**About this exercise**
The line with "LOFT Tops - Loft" marks the first line to copy, and the line with "2023 Nissan Murano" marks the last. Transcribe that stretch of the data below exactly, without pictures.

--- Records ---

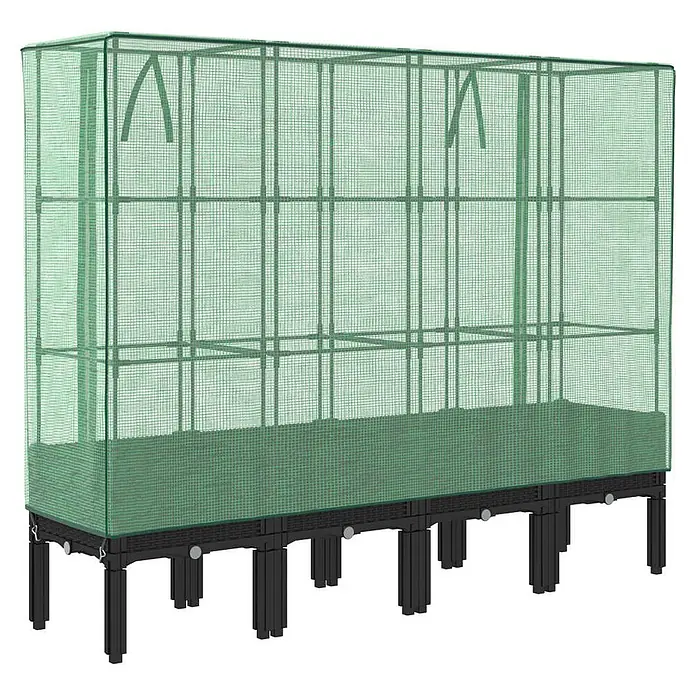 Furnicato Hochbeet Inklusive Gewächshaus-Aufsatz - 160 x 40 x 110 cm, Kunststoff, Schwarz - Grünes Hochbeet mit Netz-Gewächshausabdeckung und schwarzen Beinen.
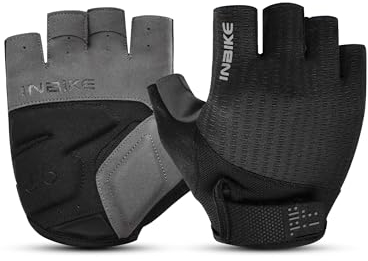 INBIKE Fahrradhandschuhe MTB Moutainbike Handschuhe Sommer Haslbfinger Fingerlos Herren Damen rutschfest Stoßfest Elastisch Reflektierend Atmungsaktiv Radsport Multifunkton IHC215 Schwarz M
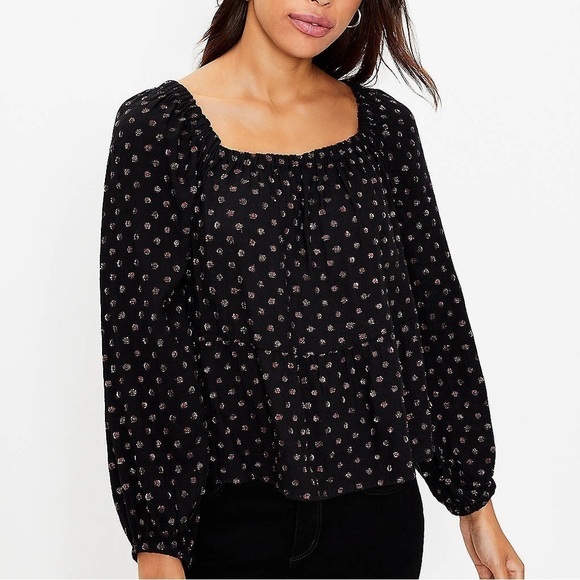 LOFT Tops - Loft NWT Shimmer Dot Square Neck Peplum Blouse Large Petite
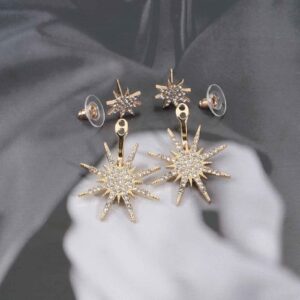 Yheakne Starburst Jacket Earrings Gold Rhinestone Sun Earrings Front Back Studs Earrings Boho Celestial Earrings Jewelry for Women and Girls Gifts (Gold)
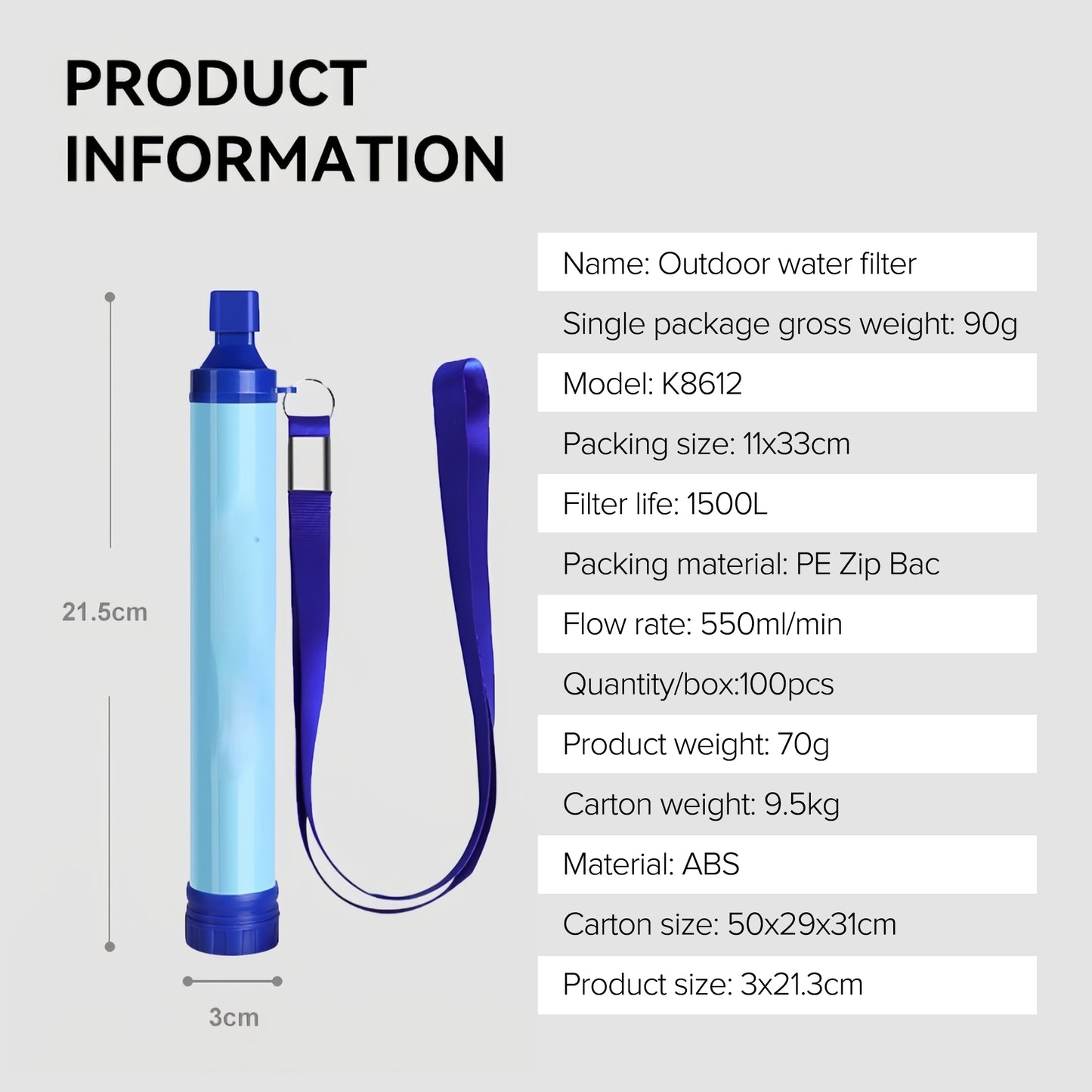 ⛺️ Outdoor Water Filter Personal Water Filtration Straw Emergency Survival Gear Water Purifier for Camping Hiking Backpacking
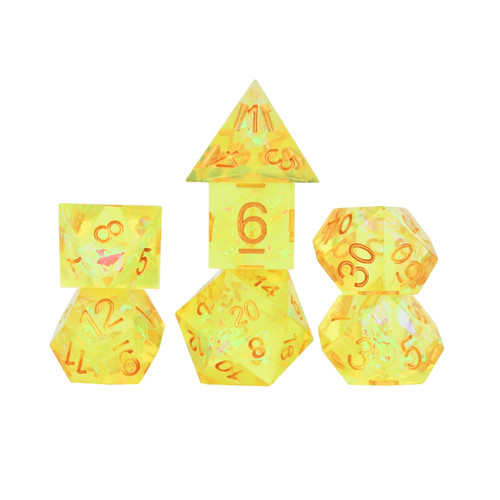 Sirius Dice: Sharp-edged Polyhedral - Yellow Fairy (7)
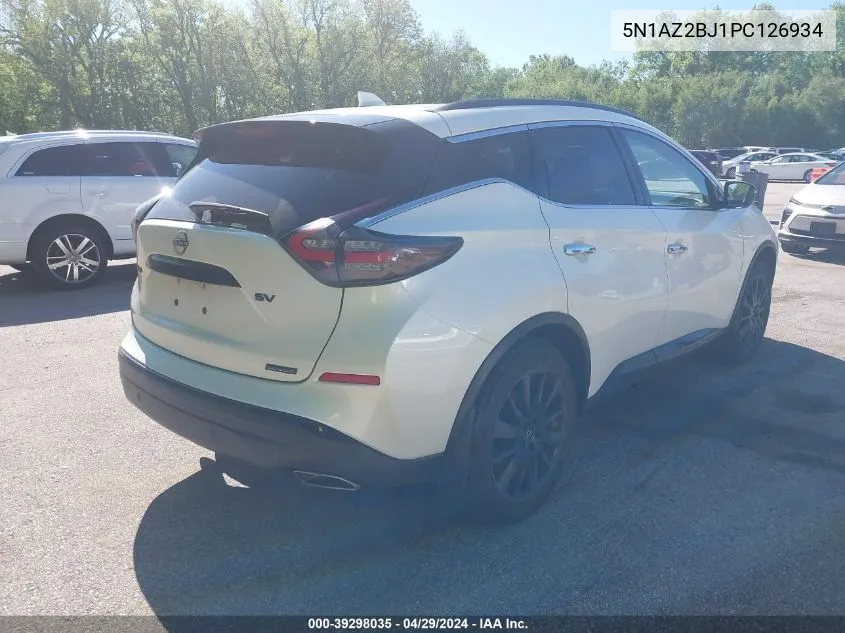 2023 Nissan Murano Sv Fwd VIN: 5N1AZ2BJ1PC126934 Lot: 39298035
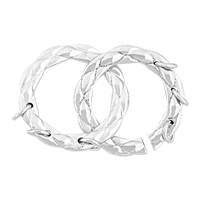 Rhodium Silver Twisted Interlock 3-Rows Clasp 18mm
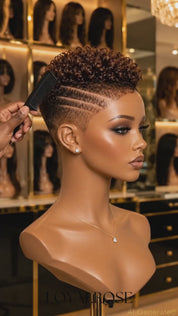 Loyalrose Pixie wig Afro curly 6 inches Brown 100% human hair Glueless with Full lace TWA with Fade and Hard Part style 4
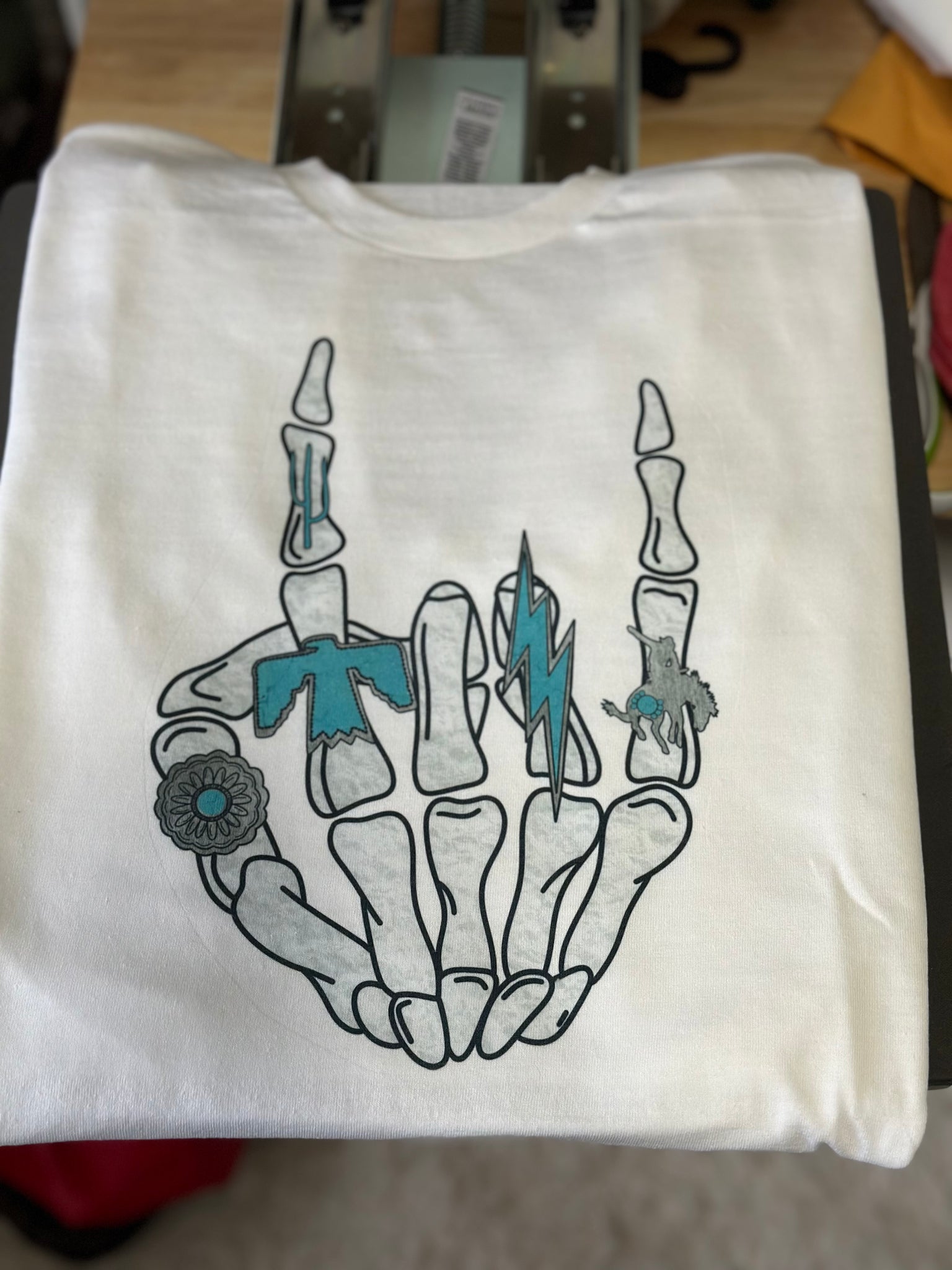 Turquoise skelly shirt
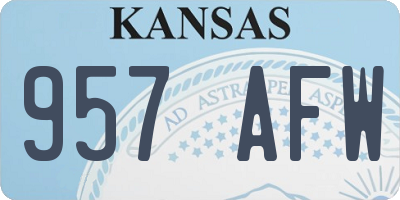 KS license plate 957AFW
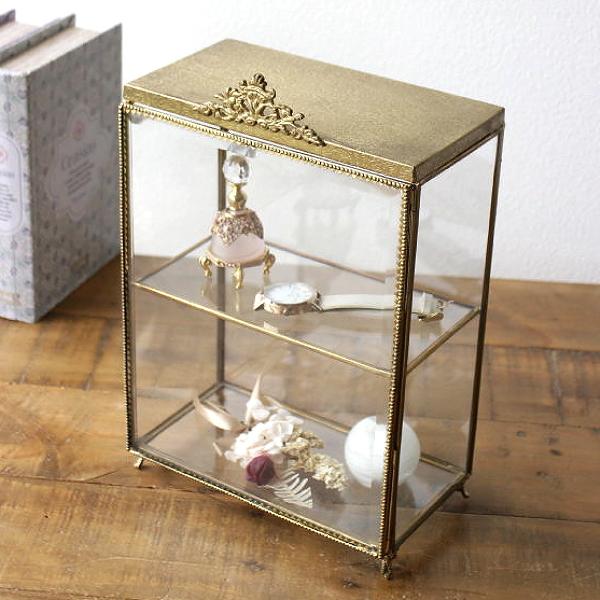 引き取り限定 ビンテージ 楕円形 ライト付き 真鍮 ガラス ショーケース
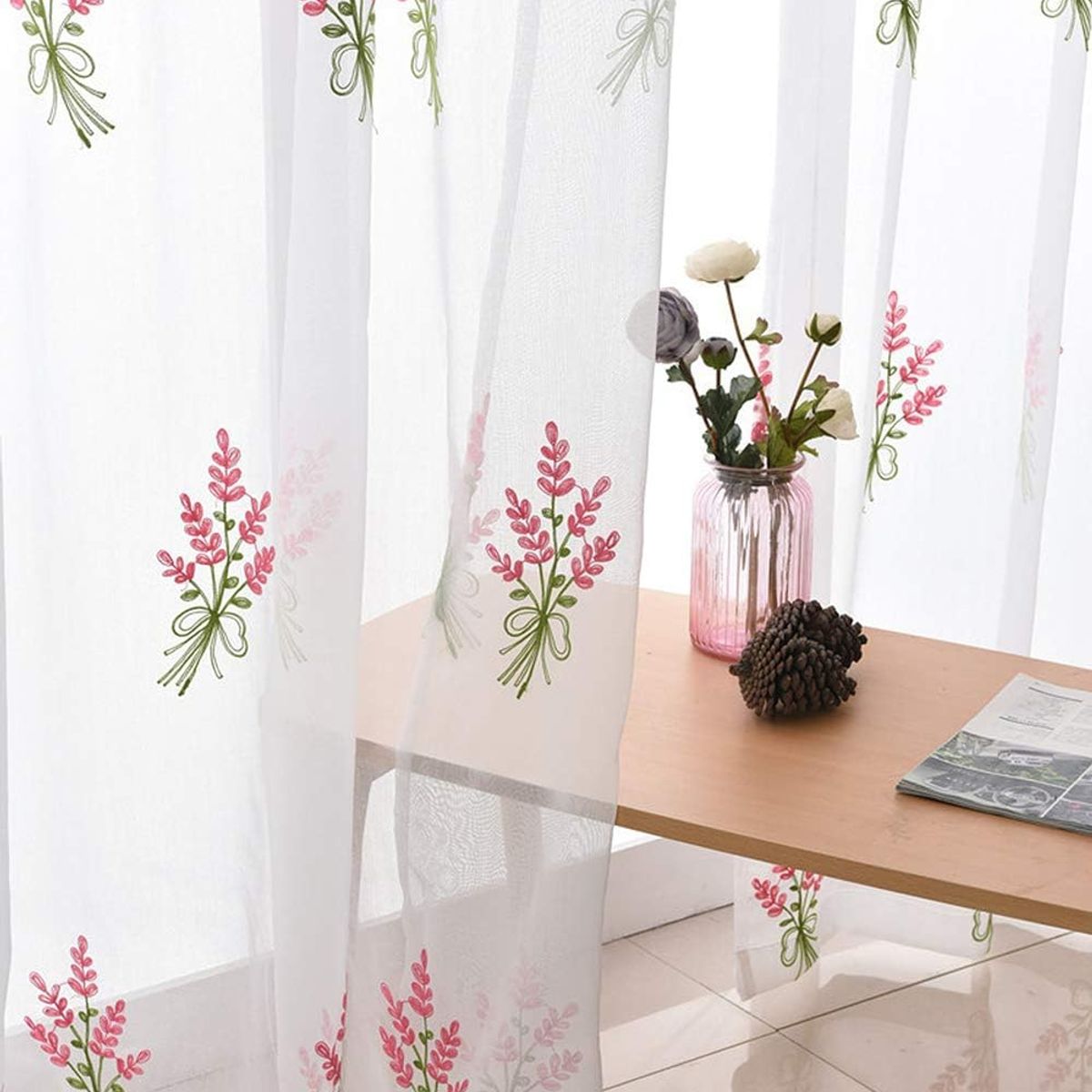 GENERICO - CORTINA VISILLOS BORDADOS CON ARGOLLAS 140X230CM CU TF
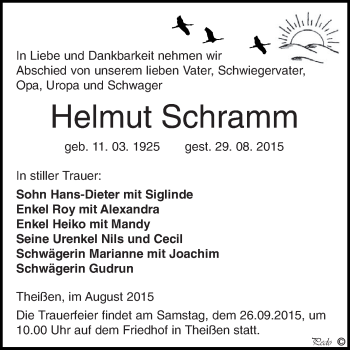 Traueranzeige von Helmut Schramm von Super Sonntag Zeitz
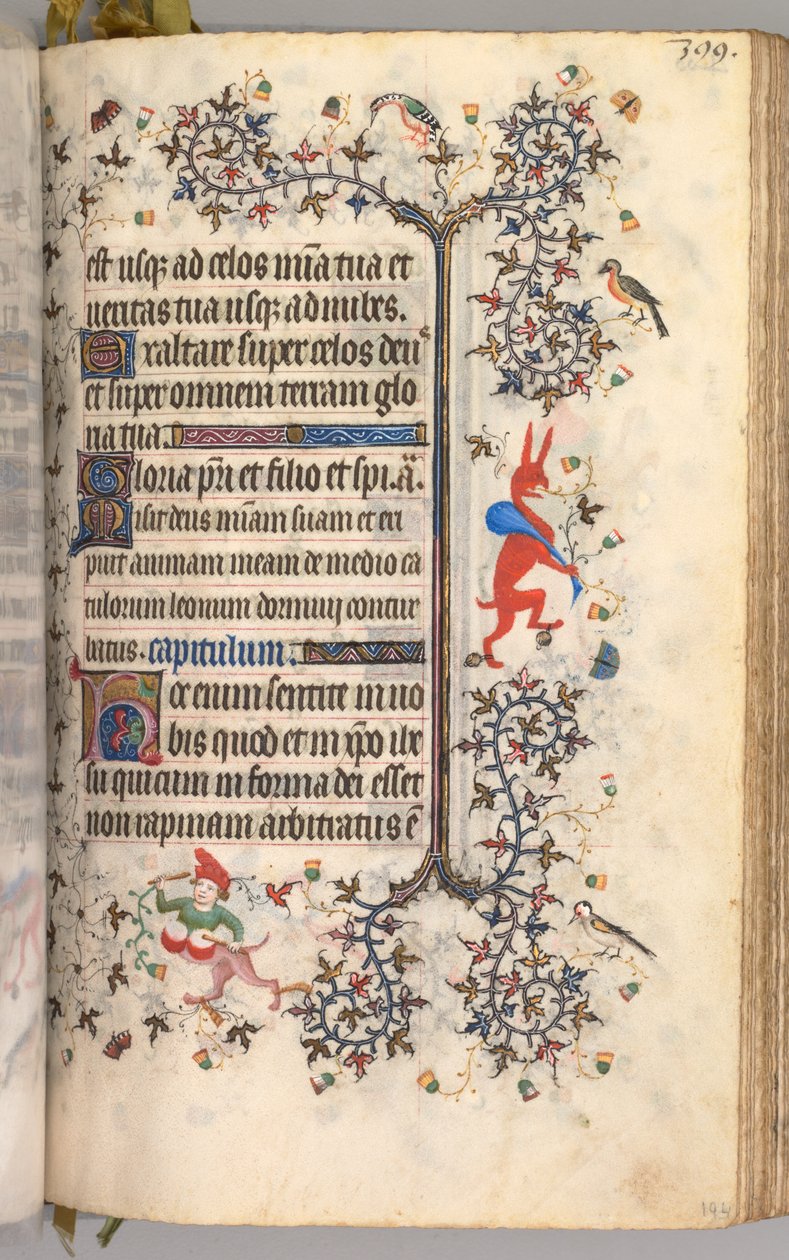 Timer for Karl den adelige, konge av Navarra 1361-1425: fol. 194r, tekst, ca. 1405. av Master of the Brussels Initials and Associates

---

**Your solution**
 LOFT Tops - Loft NWT Shimmer Dot Square Neck Peplum Blouse Large Petite
 Yheakne Starburst Jacket Earrings Gold Rhinestone Sun Earrings Front Back Studs Earrings Boho Celestial Earrings Jewelry for Women and Girls Gifts (Gold)
 ⛺️ Outdoor Water Filter Personal Water Filtration Straw Emergency Survival Gear Water Purifier for Camping Hiking Backpacking
 Sirius Dice: Sharp-edged Polyhedral - Yellow Fairy (7)
 2023 Nissan Murano Sv Fwd VIN: 5N1AZ2BJ1PC126934 Lot: 39298035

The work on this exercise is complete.